* **Your assignment**: From the first line to the last, give the records again exactly and skip the pictures.

* **Stored data**:
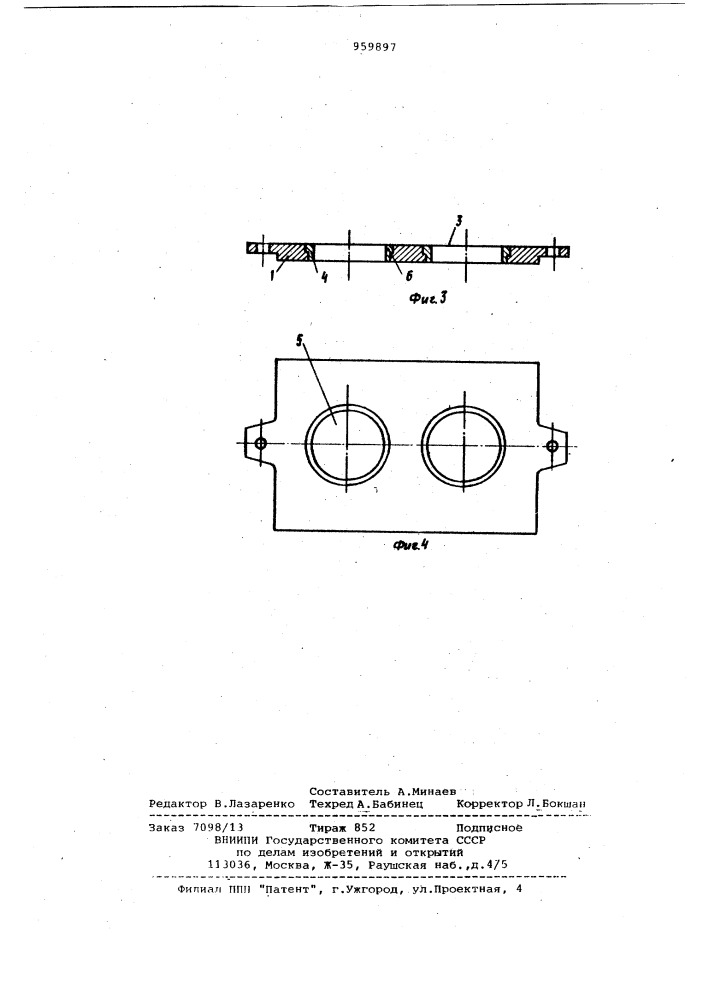 Протяжная плита для изготовления литейных форм (патент 959897)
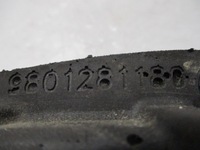 фото thumb №5, Peugeot 2008 lift защита жабо правая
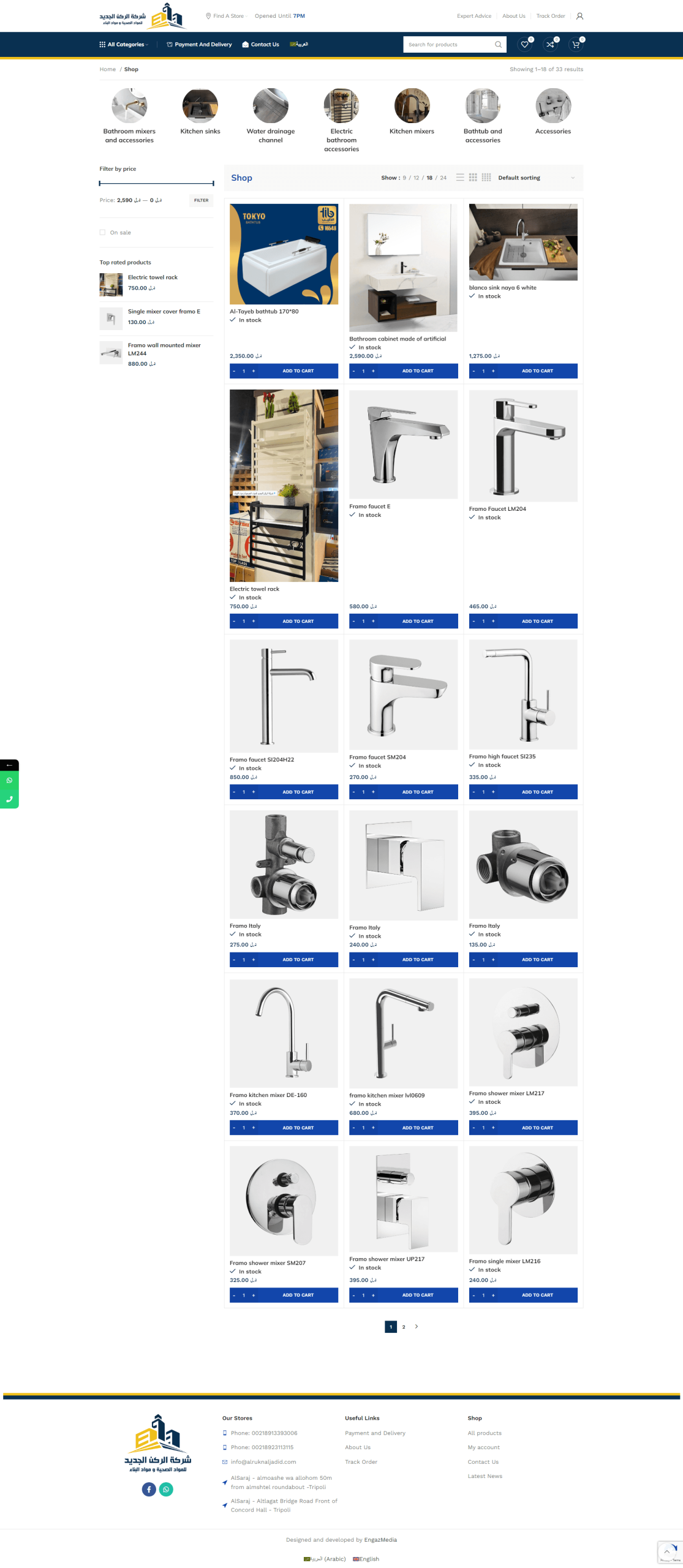 Shop - Alrukn Aljadid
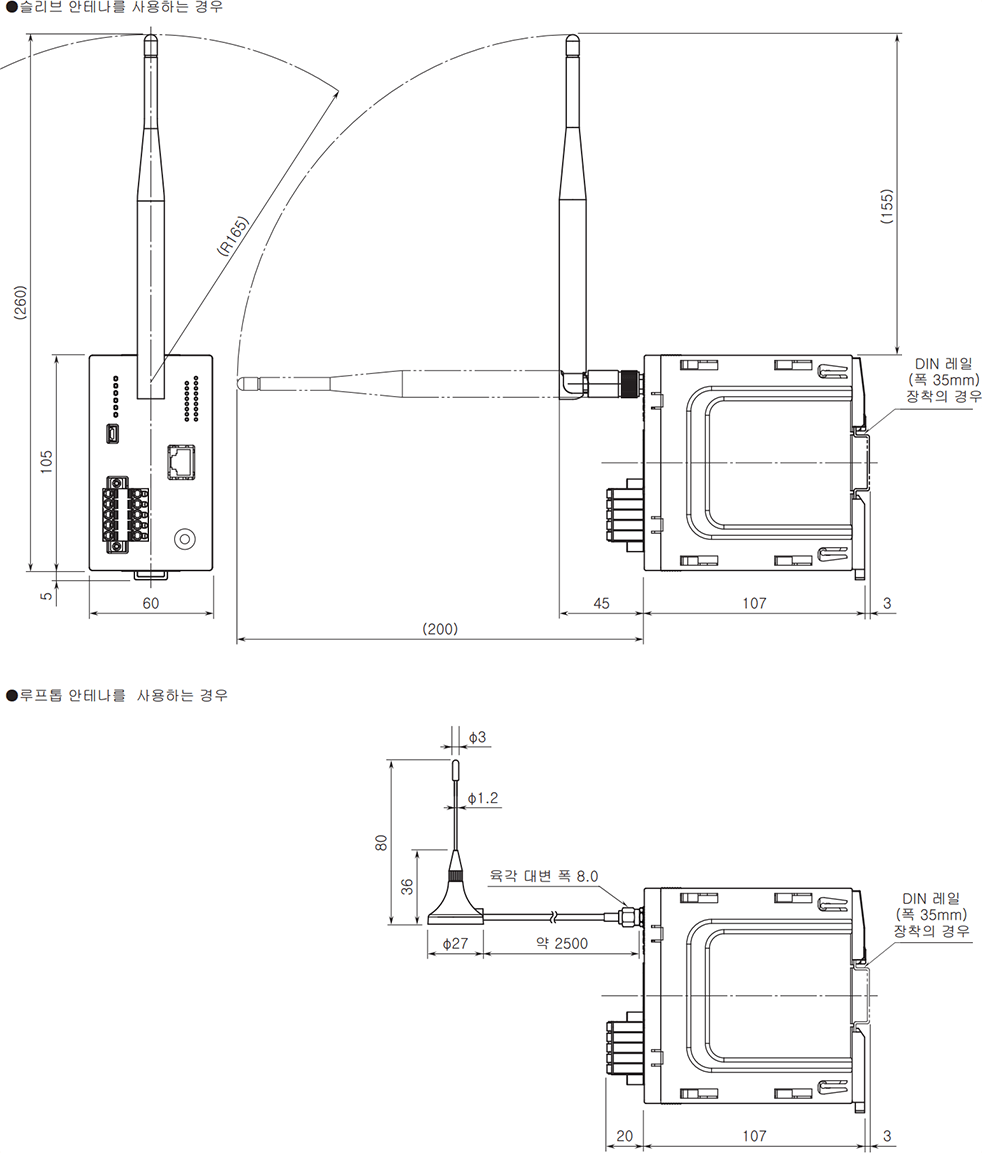 WL40EW2KR 설치 치수도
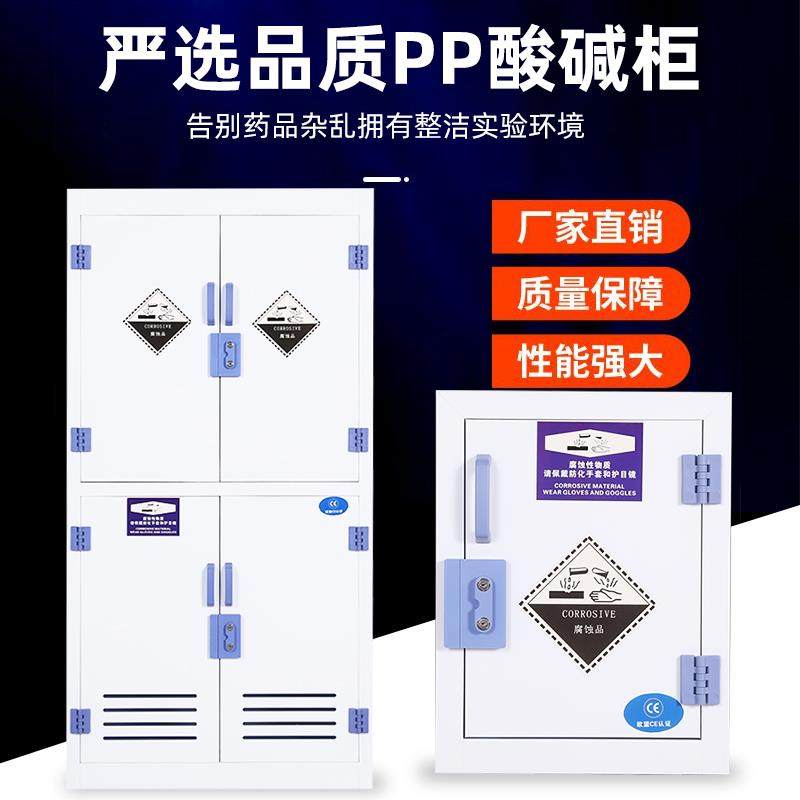 PP酸碱柜双锁药品柜实验室器皿试剂柜防腐蚀强酸化学危险品储存柜,淘宝优惠券,粉丝福利购,淘宝优惠卷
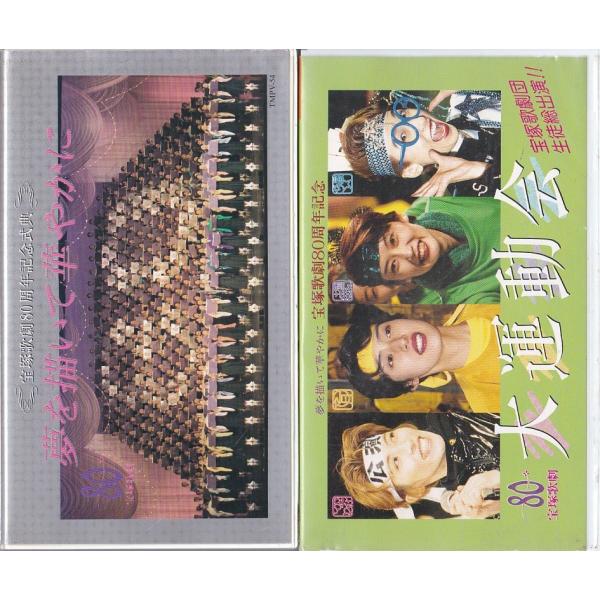 ★VHSビデオ 宝塚歌劇80周年記念 夢を描いて華やかに+大運動会 2本セット (収録時間106分....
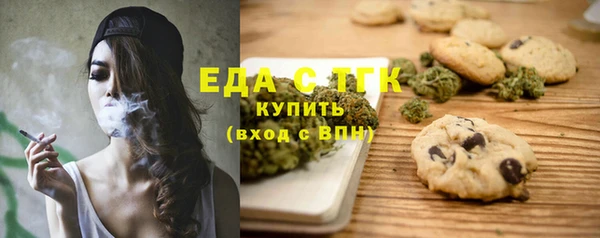 ешки Елабуга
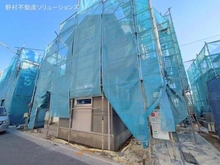 【東京都/三鷹市野崎】三鷹市野崎3丁目 新築一戸建て 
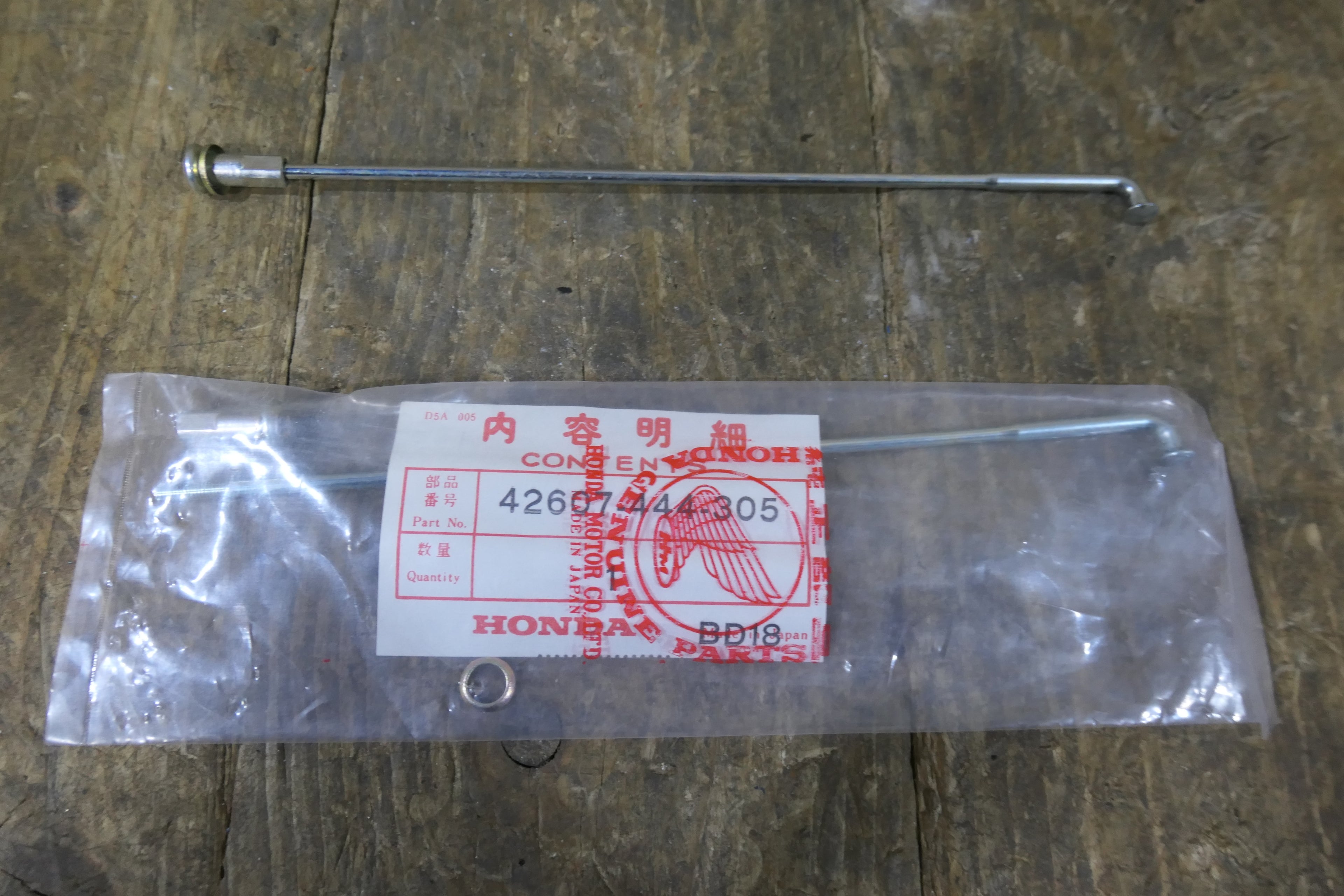 Honda CR125R 1971-81 ,9 x Genuine Spoke C, NOS Honda Part Number 42607-444-305
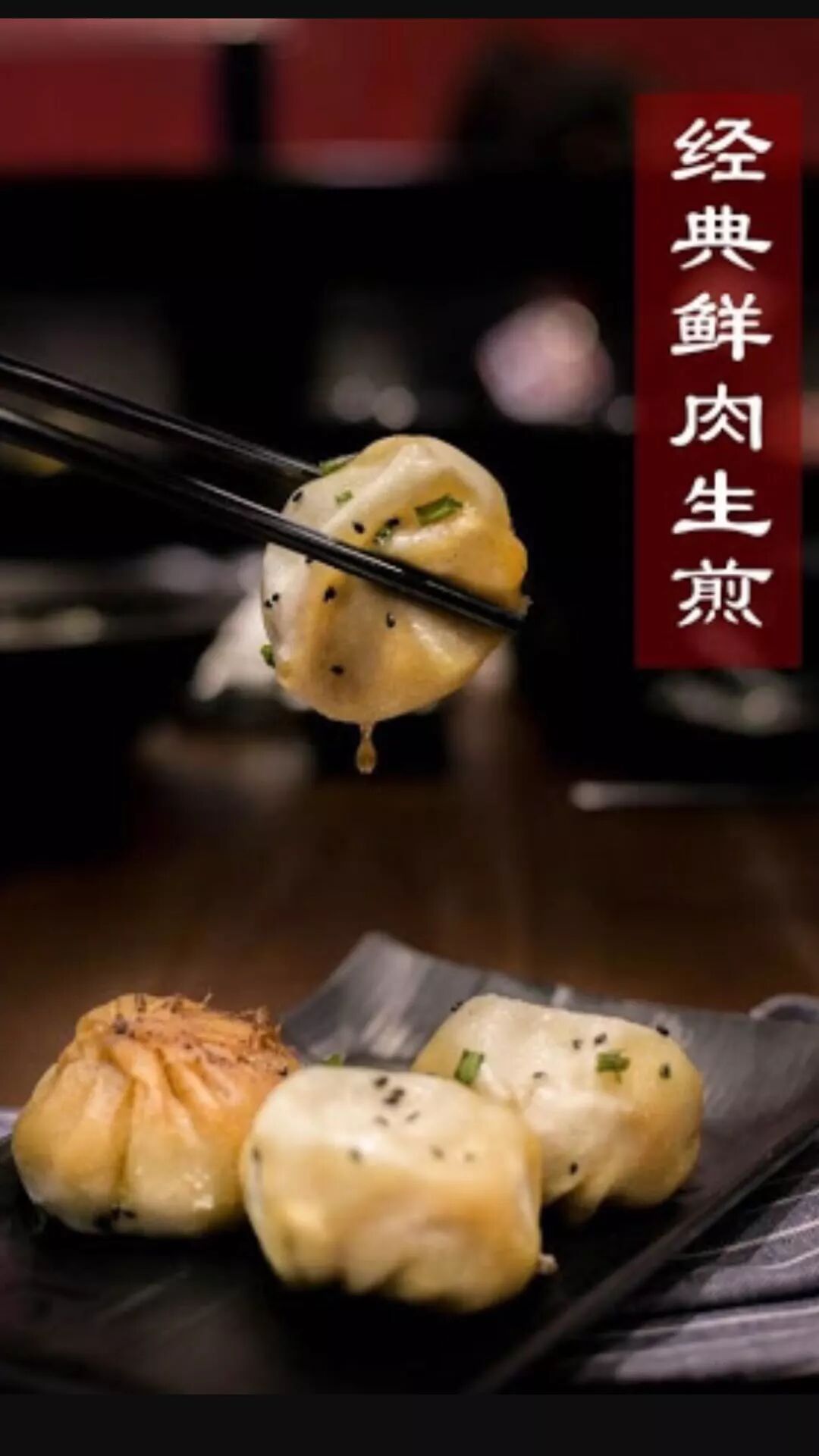 %name 百年一遇！悉尼赚钱、赚人气的超牛机会来了！“悉尼中国新年灯会”摊位招商倒计时！再不抢就没啦！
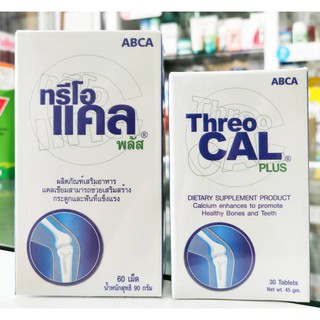 Threocal Plus 30 เม็ด / 60 เม็ด calcium บำรุงข้อกระดูก ดูดซึม 95% ไม่ท้องผูก ของแท้100% พร้อมส่ง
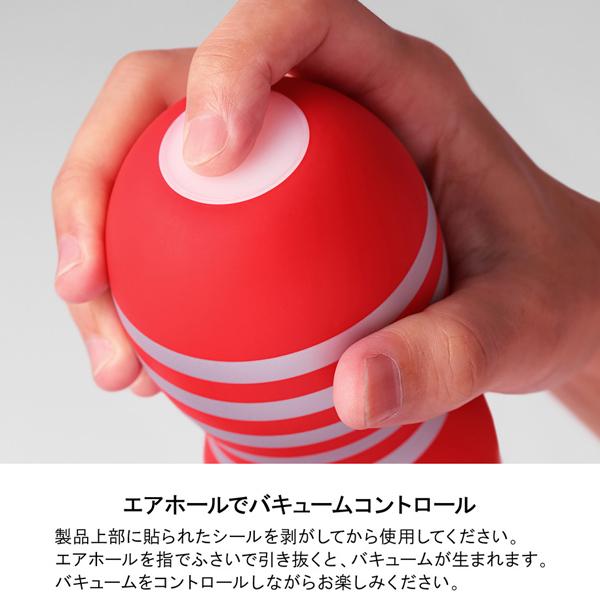 TENGA ローリングヘッドカップ (スタンダード)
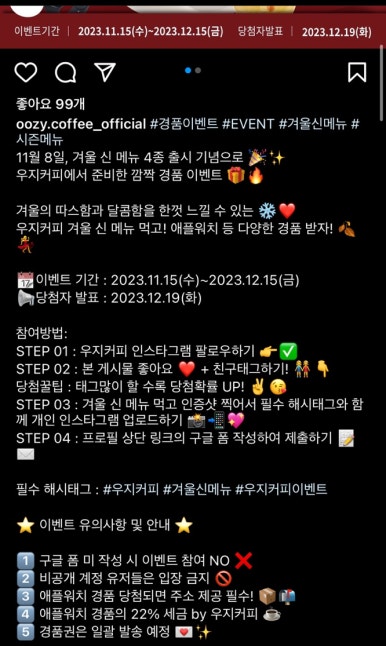 우지커피 위례역점 이미지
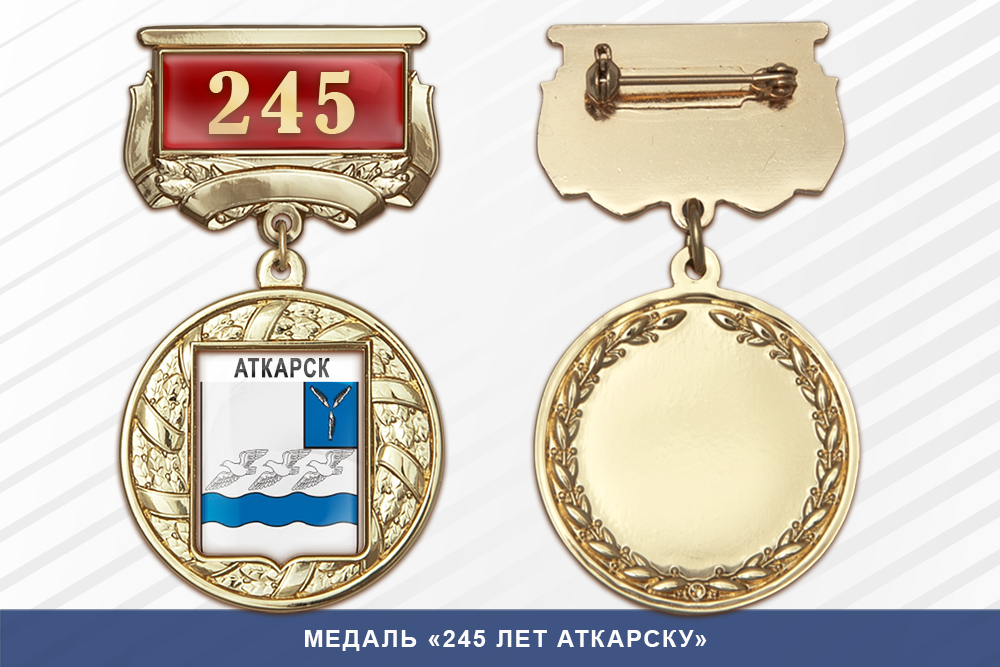 Медаль «245 лет Аткарску» с бланком удостоверения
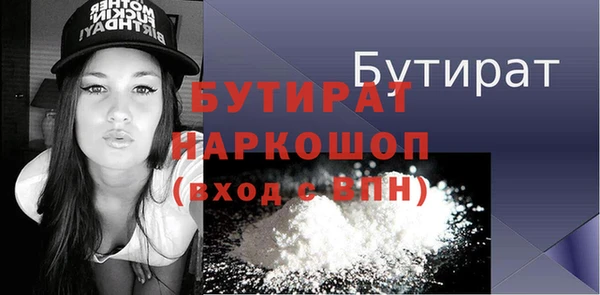 MDMA Верхнеуральск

* **Answer for this exercise**:
 Протяжная плита для изготовления литейных форм (патент 959897)
 фото thumb №5, Peugeot 2008 lift защита жабо правая
 Shop - Alrukn Aljadid
 WL40EW2KR 설치 치수도
 PP酸碱柜双锁药品柜实验室器皿试剂柜防腐蚀强酸化学危险品储存柜,淘宝优惠券,粉丝福利购,淘宝优惠卷
 ★VHSビデオ 宝塚歌劇80周年記念 夢を描いて華やかに+大運動会 2本セット (収録時間106分....
 ешки Елабуга
 【東京都/三鷹市野崎】三鷹市野崎3丁目 新築一戸建て 
 Honda CR125R 1971-81 ,9 x Genuine Spoke C, NOS Honda Part Number 42607-444-305
 %name 百年一遇！悉尼赚钱、赚人气的超牛机会来了！“悉尼中国新年灯会”摊位招商倒计时！再不抢就没啦！
 Threocal Plus 30 เม็ด / 60 เม็ด calcium บำรุงข้อกระดูก ดูดซึม 95% ไม่ท้องผูก ของแท้100% พร้อมส่ง
 TENGA ローリングヘッドカップ (スタンダード)
 우지커피 위례역점 이미지
 Медаль «245 лет Аткарску» с бланком удостоверения
 MDMA Верхнеуральск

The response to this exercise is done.